## The task
Scan the records below for the line with "Rooftop Adèle Mixology Lounge in Rome - 2" and the line with "Pleiades Apartments Lefkos", and retype that range exactly, both ends included, pictures excepted.

## Entries provided
• • • • •

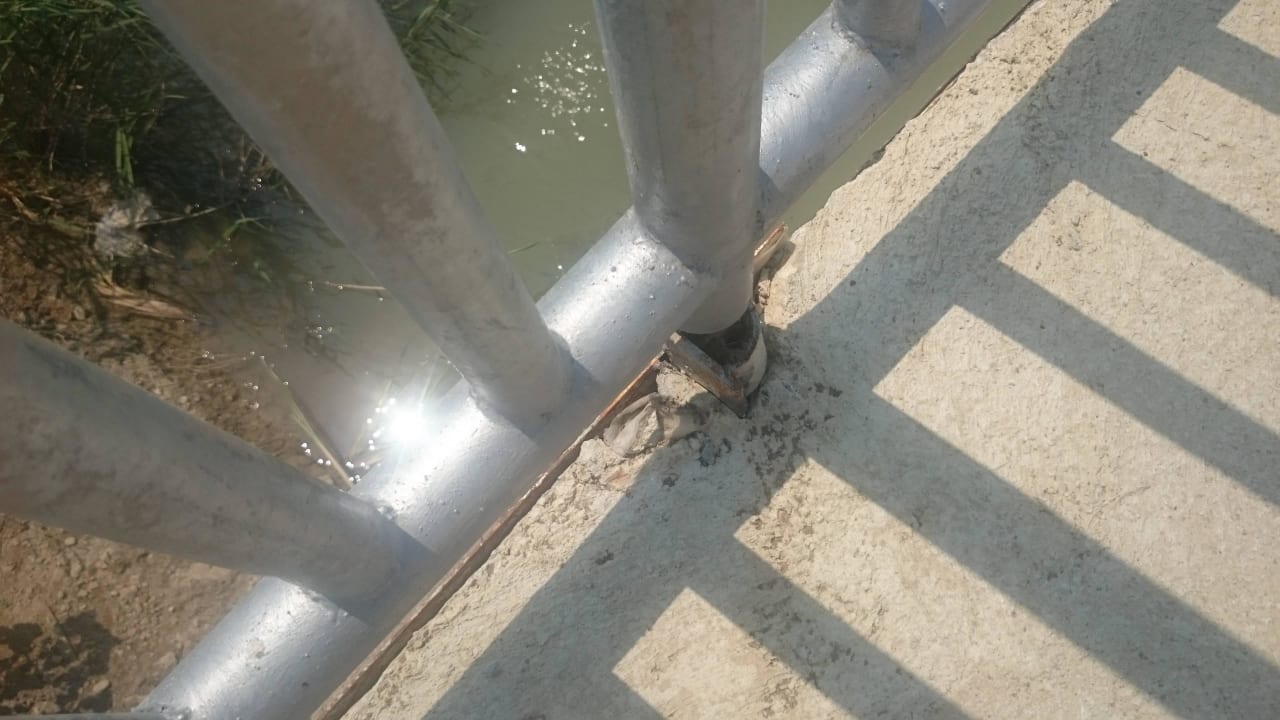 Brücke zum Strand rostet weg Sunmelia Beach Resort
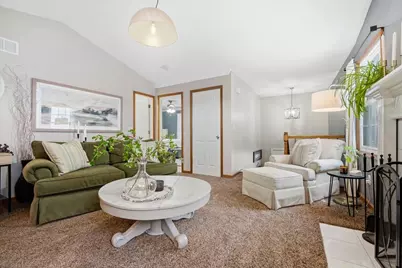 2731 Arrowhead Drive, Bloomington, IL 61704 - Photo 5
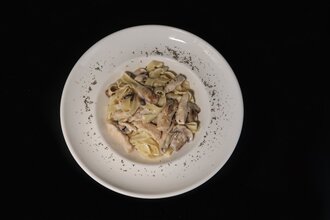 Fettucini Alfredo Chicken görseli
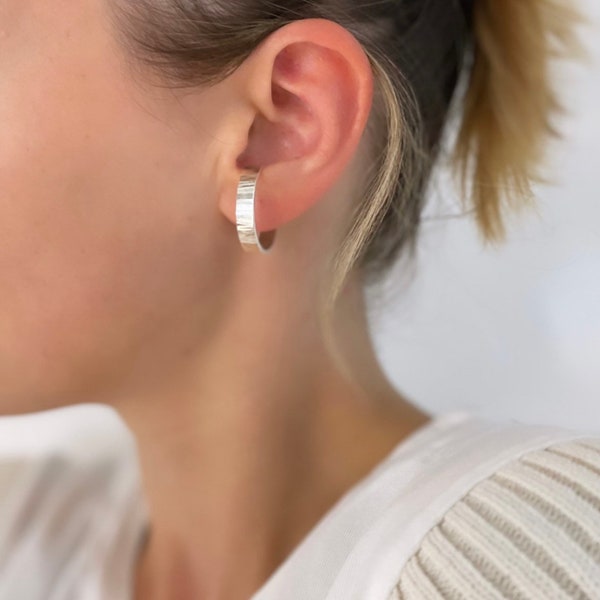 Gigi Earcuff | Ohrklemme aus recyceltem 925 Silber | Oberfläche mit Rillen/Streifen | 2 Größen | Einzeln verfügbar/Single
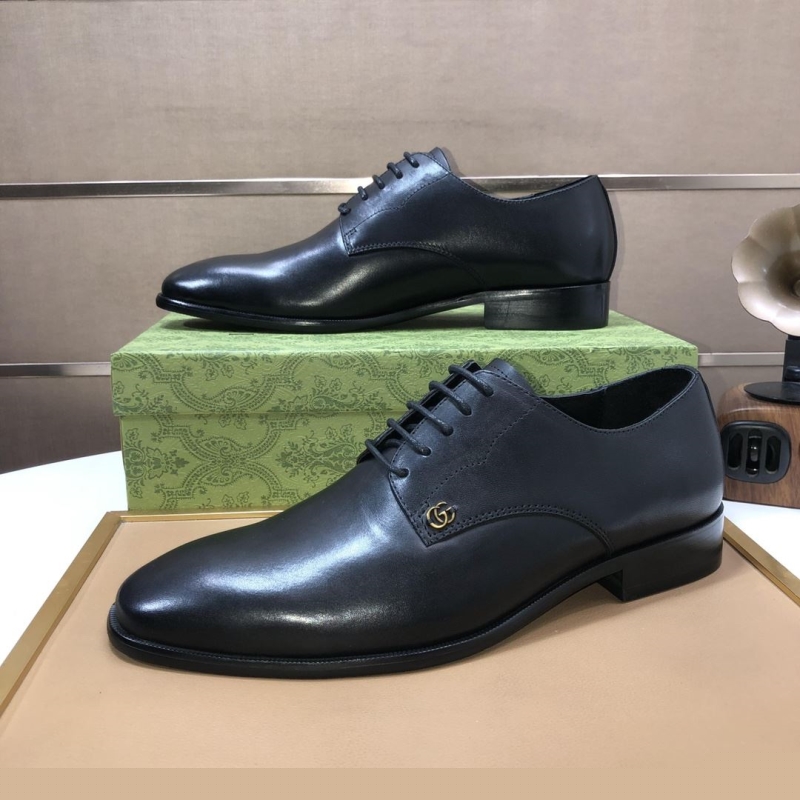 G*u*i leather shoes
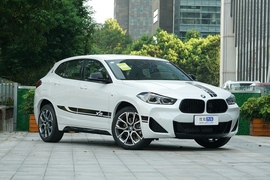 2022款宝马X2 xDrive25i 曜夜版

• • • • •

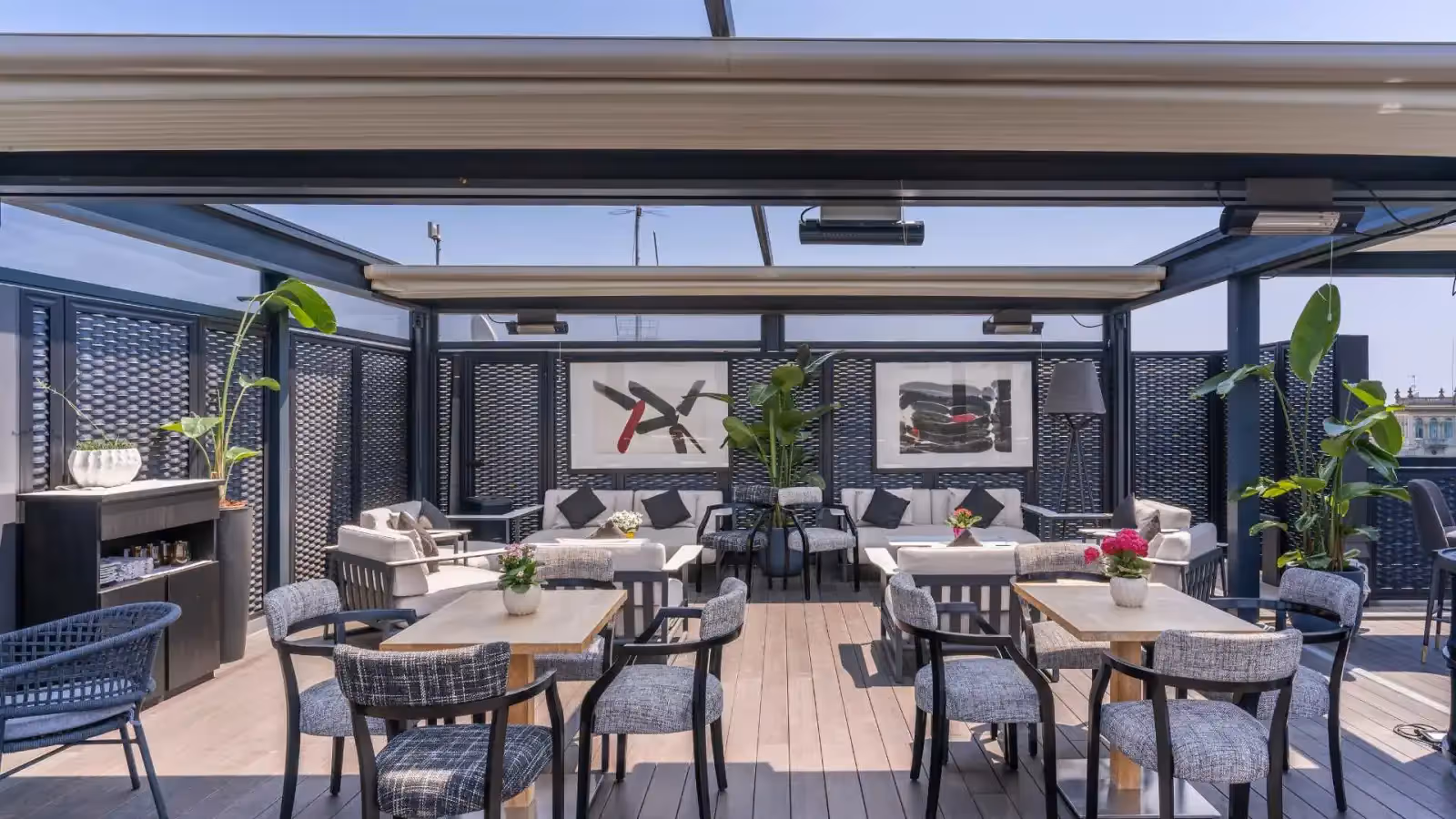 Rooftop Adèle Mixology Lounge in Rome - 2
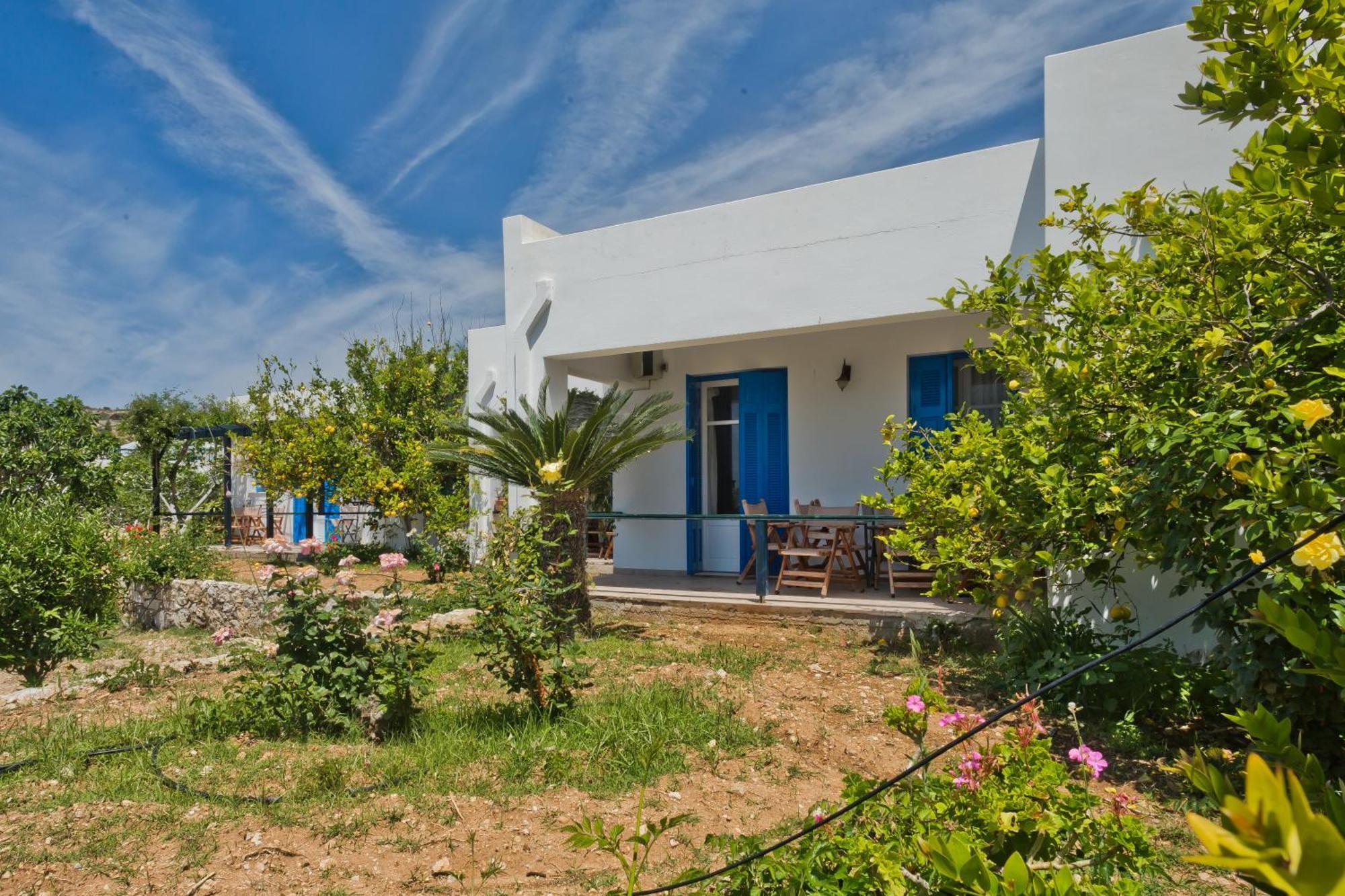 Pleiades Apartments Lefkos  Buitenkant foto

• • • • •

## Finished exercise
 Rooftop Adèle Mixology Lounge in Rome - 2
 Pleiades Apartments Lefkos  Buitenkant foto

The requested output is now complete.